Sometimes, things don’t work out as planned. We made it as far as the Grand Canyon before heading to Seattle for a family matter on her end. Almost nothing went according to plan, but we had an adventure and made memorable stories, and really wasn’t that the point?

I’ve spent most of my life wanting to wander footloose and fancy-free, but at the end of the day, I love to have someone going through it all with me. Misadventures are so much better with someone to turn to and be all OMG, that just happened! Someday, when her kids are older, I hope that she and I can be travel buddies again.

That said, there is something very satisfying about invading England alone. I’m the Irish-American/Chicana middle-aged mom version of James Bond that absolutely nobody ever asked for. I like to think it would make my ancestors proud, aside from the part where I had just given a lot of money to British Airways and was really only on a quest for even more tea. I have been influenced by my grandmother, who was influenced by her grandmother, who was the daughter of Irish famine immigrants. I have strong feelings about the history between England and Ireland. When we wear green on St. Patrick’s Day, it is political. Our continued existence is our protest.

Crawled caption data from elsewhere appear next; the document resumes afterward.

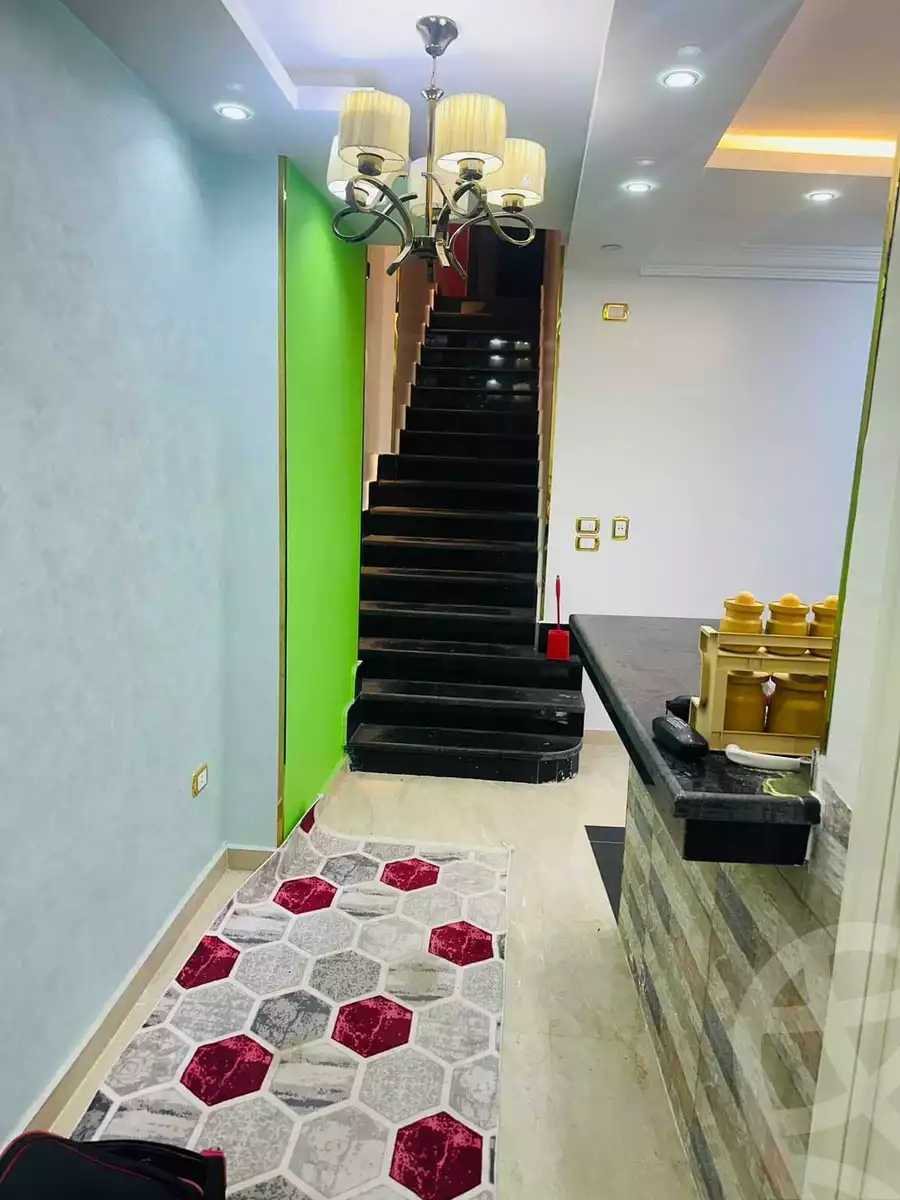 https://aqarmap.com.eg/en/listing/5201437-for-sale-cairo-el-zaytun-lzytwn-lshrqy-toman-bai-st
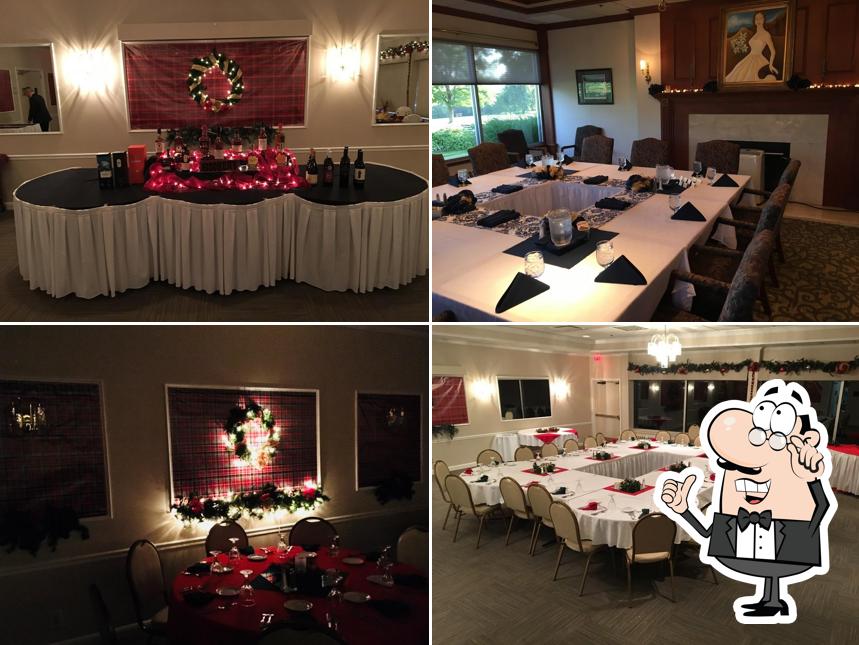 Best clubs in Meadville, winter 2023 Restaurant Guru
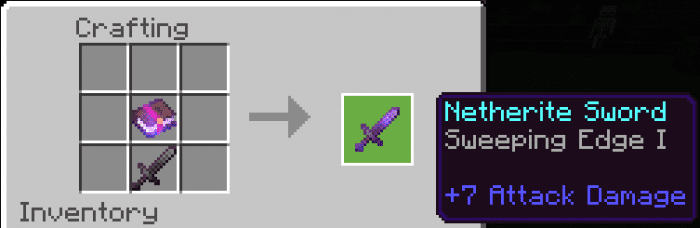 141754o779qhtw8nr7yzyr.png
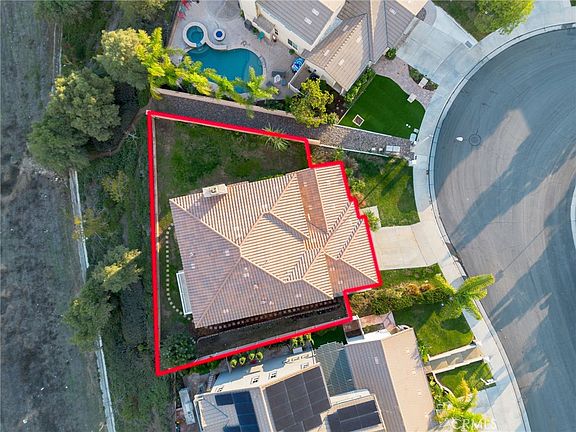 2nd image of 39396 Shree Rd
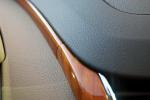 Chevrolet Malibu 2008 года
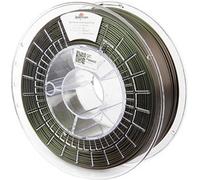Spectrum 80579 (Vert foncé) Ligne d'impression PLA Premium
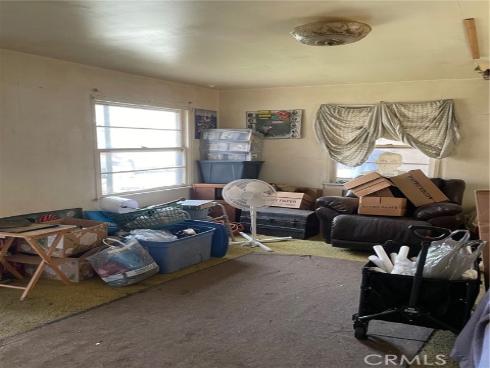 1017 Avenida De Pio Pico , Placentia, CA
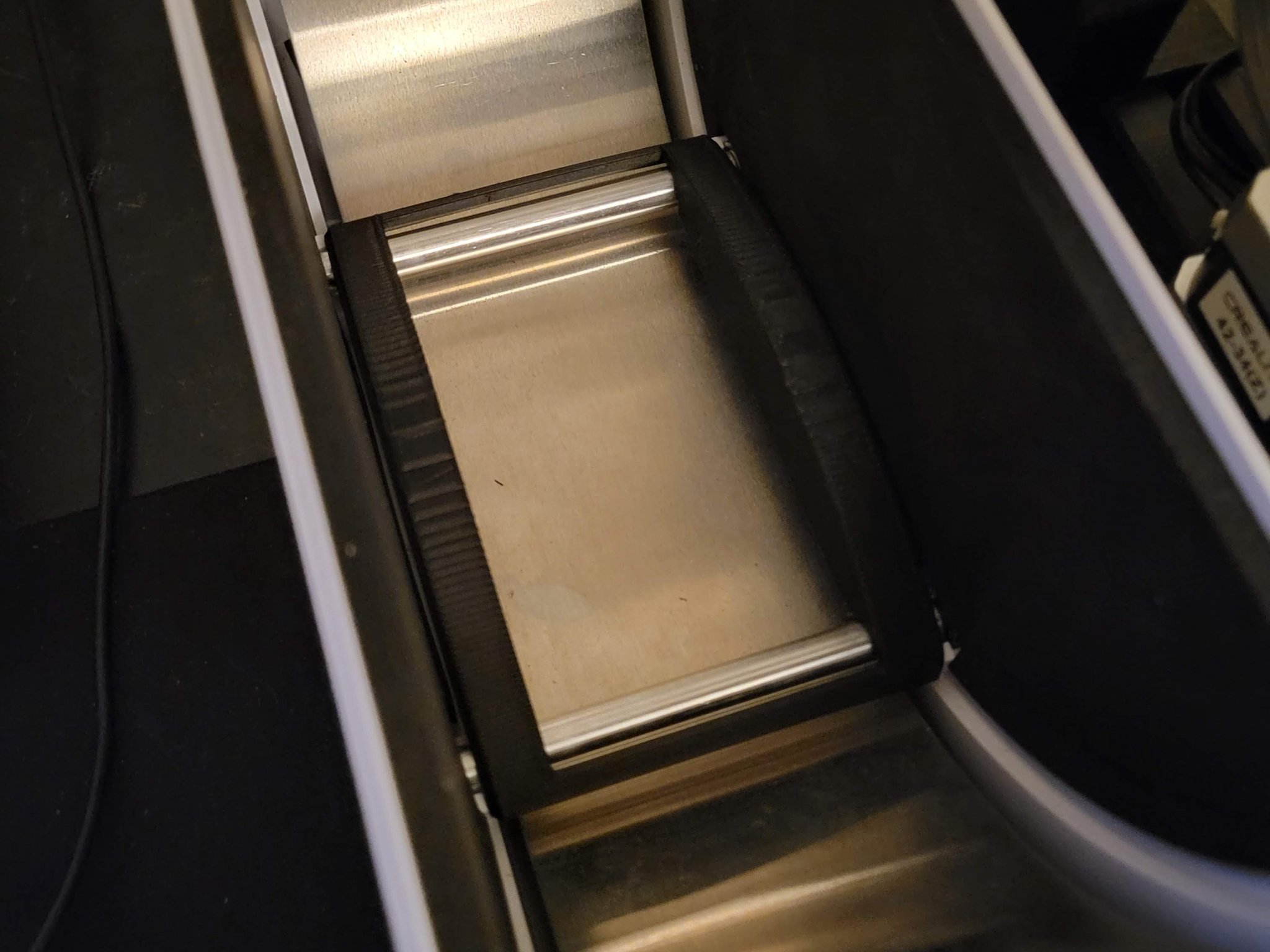 Tiêu đề Miếng đệm ống chỉ Sunlu 500g Tóm tắt Giúp giữ các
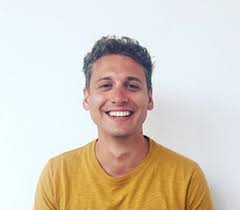 SiteLock VPN - Easy App Installation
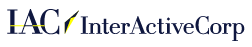 IAC/InterActiveCorp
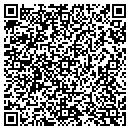 QR code with Vacation Realty contacts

All the same, my mother loves classic British literature and contemporary British TV, and we both love a good cup of tea. In my defense, I was introduced to good tea by the owner of an Irish imports store on Laurel Canyon. One afternoon a red-haired friend and I slipped in out of the rain, a couple of soaking wet, freckle-faced junior high girls. My love of tea only deepened under the influence of my mother-in-law, who was born and raised in County Roscommon, Ireland. I take it with milk, no sugar, feel free to bring me a cup any time.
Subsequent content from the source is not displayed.